# Task material:

..............................

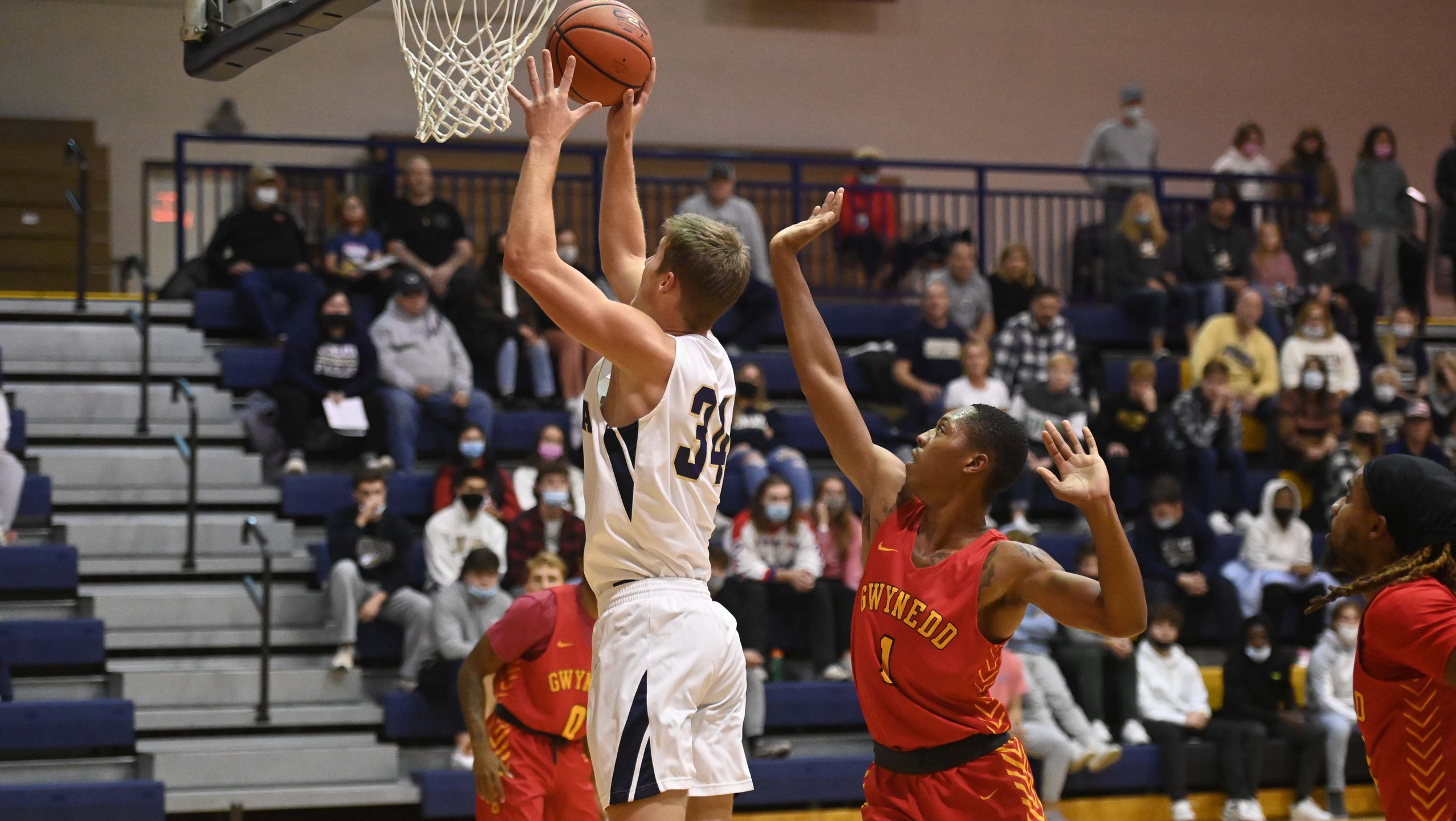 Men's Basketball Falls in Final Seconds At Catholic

..............................

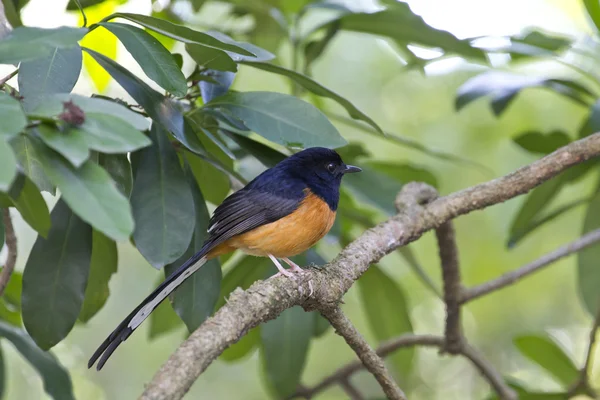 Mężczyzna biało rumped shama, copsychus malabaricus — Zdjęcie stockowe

..............................

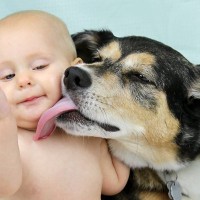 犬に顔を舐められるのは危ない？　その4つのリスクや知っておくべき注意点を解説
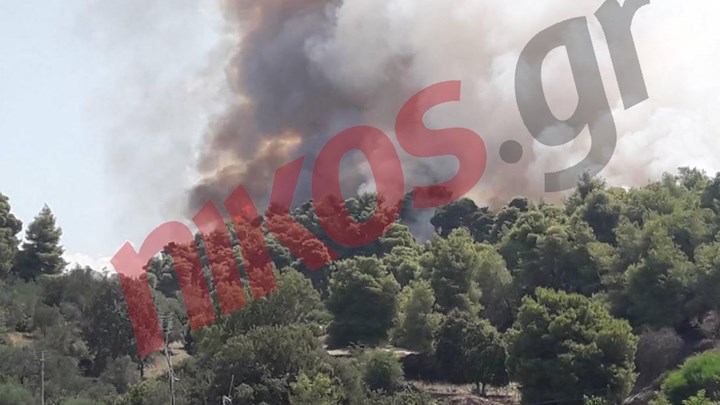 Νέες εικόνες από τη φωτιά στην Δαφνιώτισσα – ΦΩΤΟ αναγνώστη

..............................

# Assignment:
Copy the lines above between the one holding "犬に顔を舐められるのは危ない？　その4つのリスクや知っておくべき注意点を解説" and the one holding "Νέες εικόνες από", inclusive. Drop the pictures.

# Response to this task:
 犬に顔を舐められるのは危ない？　その4つのリスクや知っておくべき注意点を解説
 Νέες εικόνες από τη φωτιά στην Δαφνιώτισσα – ΦΩΤΟ αναγνώστη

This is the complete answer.